Supplied data:
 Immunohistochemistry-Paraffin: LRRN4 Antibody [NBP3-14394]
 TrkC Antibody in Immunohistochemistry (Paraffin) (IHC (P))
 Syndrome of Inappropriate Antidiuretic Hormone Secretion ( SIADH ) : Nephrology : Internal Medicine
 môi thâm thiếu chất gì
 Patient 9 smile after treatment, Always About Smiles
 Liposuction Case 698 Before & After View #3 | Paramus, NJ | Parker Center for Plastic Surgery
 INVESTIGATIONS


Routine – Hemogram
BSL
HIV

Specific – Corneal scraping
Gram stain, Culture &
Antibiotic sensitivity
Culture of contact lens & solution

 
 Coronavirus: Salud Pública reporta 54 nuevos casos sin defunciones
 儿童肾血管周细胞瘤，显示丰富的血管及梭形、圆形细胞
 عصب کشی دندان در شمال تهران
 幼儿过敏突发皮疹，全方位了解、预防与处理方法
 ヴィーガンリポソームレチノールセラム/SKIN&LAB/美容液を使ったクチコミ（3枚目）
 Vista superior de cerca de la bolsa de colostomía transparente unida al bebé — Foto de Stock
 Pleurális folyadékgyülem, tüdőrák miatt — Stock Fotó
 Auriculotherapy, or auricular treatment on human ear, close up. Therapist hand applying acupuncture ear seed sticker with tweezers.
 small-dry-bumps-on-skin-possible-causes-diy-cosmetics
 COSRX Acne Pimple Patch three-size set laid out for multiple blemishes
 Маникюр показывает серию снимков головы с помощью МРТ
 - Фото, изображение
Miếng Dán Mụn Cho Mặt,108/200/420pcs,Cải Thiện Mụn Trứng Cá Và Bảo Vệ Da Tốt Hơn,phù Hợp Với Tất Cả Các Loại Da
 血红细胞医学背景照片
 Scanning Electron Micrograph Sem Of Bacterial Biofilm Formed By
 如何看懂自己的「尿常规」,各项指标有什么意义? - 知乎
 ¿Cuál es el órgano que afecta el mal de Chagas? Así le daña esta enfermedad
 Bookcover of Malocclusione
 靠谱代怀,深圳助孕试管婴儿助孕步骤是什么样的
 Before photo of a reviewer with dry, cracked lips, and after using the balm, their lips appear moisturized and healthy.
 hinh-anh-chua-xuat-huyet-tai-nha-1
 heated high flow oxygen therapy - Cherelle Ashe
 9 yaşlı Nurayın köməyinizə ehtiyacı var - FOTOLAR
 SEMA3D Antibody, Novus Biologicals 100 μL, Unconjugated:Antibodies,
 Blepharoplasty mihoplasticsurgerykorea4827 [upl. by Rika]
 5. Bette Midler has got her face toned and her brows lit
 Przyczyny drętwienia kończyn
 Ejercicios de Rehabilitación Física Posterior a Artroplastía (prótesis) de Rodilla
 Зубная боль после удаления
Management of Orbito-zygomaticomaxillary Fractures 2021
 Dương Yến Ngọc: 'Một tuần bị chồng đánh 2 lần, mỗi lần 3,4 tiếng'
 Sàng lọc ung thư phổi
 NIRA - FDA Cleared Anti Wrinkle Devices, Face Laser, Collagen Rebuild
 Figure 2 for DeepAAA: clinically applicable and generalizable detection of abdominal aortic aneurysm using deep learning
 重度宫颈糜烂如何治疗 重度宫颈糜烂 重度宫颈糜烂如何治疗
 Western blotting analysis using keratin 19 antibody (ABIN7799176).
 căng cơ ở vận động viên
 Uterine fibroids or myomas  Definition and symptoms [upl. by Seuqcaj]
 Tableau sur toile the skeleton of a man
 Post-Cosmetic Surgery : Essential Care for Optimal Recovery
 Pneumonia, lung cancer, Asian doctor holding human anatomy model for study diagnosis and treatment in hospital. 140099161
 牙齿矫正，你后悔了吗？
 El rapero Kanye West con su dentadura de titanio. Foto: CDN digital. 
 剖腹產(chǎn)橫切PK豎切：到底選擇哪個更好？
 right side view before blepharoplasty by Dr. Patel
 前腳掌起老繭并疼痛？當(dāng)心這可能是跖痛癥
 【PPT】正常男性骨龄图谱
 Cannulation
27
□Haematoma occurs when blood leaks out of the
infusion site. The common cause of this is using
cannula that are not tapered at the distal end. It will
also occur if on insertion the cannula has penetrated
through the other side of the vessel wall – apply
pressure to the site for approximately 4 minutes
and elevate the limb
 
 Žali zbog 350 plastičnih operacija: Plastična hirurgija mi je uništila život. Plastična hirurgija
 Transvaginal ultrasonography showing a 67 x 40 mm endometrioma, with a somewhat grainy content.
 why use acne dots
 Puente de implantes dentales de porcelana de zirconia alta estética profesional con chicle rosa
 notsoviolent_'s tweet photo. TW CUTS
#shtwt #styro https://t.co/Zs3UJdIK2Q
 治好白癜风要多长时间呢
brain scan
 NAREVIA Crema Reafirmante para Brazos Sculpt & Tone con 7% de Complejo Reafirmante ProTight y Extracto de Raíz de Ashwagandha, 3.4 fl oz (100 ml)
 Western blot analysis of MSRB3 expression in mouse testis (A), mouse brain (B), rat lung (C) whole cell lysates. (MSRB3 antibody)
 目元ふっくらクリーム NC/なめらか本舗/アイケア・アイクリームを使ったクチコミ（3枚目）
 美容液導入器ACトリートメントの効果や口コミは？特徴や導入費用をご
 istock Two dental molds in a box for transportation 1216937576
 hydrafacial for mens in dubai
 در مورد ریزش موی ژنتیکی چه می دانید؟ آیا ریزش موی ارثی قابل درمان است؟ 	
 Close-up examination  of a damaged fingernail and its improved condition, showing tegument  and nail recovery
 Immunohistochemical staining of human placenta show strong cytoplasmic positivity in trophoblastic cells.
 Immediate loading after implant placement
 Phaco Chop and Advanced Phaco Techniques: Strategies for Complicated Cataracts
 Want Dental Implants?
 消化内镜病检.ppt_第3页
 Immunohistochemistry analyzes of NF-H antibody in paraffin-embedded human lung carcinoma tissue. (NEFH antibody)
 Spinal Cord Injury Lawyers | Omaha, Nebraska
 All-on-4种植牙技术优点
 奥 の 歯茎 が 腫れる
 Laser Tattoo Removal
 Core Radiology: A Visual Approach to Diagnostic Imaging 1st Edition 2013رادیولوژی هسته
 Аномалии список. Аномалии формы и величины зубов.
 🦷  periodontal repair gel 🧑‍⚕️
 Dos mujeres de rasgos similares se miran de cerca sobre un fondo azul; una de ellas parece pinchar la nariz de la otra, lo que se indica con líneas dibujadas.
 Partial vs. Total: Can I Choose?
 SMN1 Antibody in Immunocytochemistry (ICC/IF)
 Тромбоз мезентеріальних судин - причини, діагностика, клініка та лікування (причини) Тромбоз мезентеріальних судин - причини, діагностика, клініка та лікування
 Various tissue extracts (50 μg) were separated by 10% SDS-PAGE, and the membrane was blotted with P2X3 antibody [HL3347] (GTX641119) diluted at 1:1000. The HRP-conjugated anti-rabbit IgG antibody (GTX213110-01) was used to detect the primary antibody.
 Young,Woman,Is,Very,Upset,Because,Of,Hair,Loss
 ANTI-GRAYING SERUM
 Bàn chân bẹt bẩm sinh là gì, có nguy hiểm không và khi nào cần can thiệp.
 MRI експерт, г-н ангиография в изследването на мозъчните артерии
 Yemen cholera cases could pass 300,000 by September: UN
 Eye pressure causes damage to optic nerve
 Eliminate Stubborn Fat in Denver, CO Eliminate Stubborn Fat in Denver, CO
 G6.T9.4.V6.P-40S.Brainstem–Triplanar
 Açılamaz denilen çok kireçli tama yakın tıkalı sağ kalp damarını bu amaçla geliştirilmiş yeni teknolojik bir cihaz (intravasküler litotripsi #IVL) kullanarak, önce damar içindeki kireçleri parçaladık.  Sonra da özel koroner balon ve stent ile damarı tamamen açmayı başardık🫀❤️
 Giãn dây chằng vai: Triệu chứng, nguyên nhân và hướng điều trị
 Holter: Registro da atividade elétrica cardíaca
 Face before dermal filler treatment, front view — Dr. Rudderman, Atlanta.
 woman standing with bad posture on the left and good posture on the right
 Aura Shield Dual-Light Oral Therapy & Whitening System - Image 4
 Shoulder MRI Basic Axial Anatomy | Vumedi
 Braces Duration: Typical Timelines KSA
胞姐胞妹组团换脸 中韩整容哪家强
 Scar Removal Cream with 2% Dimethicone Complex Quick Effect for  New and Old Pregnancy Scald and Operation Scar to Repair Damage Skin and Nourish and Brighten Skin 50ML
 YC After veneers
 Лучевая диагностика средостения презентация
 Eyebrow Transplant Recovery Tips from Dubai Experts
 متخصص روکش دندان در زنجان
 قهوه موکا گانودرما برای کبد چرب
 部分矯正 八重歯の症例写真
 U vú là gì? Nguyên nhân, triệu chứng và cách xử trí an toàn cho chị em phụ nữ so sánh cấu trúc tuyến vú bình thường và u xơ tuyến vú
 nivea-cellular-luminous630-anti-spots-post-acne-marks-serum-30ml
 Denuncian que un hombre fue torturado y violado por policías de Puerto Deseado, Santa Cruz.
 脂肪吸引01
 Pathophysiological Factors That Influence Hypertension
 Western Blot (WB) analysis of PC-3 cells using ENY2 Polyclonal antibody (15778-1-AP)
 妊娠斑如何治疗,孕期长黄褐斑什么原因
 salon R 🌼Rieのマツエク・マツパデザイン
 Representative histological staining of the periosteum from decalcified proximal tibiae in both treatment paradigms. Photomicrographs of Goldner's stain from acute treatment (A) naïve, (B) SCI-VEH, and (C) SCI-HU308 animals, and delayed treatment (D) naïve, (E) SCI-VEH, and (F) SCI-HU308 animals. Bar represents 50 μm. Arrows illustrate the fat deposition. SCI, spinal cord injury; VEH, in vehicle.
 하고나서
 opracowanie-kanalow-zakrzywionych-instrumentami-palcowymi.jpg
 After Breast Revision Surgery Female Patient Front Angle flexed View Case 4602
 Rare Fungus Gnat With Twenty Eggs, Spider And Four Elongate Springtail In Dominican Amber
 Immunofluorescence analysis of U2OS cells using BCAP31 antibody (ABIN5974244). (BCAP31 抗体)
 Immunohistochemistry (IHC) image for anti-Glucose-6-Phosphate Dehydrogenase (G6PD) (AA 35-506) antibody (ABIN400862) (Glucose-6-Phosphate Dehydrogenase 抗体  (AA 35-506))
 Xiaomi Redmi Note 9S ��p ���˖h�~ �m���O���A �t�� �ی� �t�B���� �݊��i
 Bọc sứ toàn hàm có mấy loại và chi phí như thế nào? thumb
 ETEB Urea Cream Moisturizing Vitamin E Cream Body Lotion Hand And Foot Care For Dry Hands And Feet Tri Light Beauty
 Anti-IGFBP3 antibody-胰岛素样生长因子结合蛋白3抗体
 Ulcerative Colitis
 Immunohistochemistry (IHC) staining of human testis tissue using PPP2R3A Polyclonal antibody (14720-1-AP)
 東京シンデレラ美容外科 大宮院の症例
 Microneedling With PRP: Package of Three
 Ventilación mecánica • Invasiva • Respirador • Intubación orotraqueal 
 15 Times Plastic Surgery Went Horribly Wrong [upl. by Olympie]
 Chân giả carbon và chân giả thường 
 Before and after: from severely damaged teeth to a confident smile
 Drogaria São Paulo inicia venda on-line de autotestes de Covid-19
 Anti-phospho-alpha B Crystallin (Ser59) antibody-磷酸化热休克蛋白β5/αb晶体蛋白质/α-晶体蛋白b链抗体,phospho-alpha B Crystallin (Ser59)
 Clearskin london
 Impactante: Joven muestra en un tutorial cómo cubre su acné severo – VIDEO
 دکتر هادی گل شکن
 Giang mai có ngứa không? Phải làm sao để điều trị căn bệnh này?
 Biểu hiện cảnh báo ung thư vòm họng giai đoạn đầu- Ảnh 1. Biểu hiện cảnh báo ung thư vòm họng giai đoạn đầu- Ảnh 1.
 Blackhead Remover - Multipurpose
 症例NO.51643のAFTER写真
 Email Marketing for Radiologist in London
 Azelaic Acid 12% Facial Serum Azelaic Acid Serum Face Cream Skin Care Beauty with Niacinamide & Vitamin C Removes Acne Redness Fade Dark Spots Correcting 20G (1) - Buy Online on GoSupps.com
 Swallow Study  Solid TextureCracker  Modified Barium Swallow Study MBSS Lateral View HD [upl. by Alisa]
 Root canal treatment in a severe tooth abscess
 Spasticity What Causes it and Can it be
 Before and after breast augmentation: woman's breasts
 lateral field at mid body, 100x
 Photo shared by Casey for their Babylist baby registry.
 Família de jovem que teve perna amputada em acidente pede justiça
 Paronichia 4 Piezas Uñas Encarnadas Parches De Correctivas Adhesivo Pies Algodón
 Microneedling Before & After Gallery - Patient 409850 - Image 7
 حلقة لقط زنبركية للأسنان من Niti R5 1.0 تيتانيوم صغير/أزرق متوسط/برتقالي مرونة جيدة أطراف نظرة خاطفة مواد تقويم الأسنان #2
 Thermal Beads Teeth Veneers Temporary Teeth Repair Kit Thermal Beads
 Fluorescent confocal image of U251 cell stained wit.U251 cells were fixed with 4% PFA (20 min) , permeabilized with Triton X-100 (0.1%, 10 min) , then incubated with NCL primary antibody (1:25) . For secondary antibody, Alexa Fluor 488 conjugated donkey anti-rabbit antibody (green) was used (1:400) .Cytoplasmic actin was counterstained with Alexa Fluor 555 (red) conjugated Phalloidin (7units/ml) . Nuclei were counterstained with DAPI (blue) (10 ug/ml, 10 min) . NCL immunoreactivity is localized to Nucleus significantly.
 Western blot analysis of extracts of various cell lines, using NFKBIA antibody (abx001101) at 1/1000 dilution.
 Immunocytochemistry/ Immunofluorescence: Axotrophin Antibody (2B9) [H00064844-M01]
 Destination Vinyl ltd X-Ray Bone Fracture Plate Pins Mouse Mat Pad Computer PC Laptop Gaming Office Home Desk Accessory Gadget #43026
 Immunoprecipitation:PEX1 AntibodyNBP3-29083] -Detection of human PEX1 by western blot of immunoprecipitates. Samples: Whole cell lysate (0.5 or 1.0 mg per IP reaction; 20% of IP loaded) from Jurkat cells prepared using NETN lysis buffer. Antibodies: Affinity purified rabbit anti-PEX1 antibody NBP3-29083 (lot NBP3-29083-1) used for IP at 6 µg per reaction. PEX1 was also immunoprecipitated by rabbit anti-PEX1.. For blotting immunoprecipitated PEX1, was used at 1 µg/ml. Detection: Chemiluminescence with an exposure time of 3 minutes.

Assigned task:
Quote every line from the beginning of the entries up to and including the line that contains "COSRX Acne Pimple".

Answer section:
 Immunohistochemistry-Paraffin: LRRN4 Antibody [NBP3-14394]
 TrkC Antibody in Immunohistochemistry (Paraffin) (IHC (P))
 Syndrome of Inappropriate Antidiuretic Hormone Secretion ( SIADH ) : Nephrology : Internal Medicine
 môi thâm thiếu chất gì
 Patient 9 smile after treatment, Always About Smiles
 Liposuction Case 698 Before & After View #3 | Paramus, NJ | Parker Center for Plastic Surgery
 INVESTIGATIONS


Routine – Hemogram
BSL
HIV

Specific – Corneal scraping
Gram stain, Culture &
Antibiotic sensitivity
Culture of contact lens & solution

 
 Coronavirus: Salud Pública reporta 54 nuevos casos sin defunciones
 儿童肾血管周细胞瘤，显示丰富的血管及梭形、圆形细胞
 عصب کشی دندان در شمال تهران
 幼儿过敏突发皮疹，全方位了解、预防与处理方法
 ヴィーガンリポソームレチノールセラム/SKIN&LAB/美容液を使ったクチコミ（3枚目）
 Vista superior de cerca de la bolsa de colostomía transparente unida al bebé — Foto de Stock
 Pleurális folyadékgyülem, tüdőrák miatt — Stock Fotó
 Auriculotherapy, or auricular treatment on human ear, close up. Therapist hand applying acupuncture ear seed sticker with tweezers.
 small-dry-bumps-on-skin-possible-causes-diy-cosmetics
 COSRX Acne Pimple Patch three-size set laid out for multiple blemishes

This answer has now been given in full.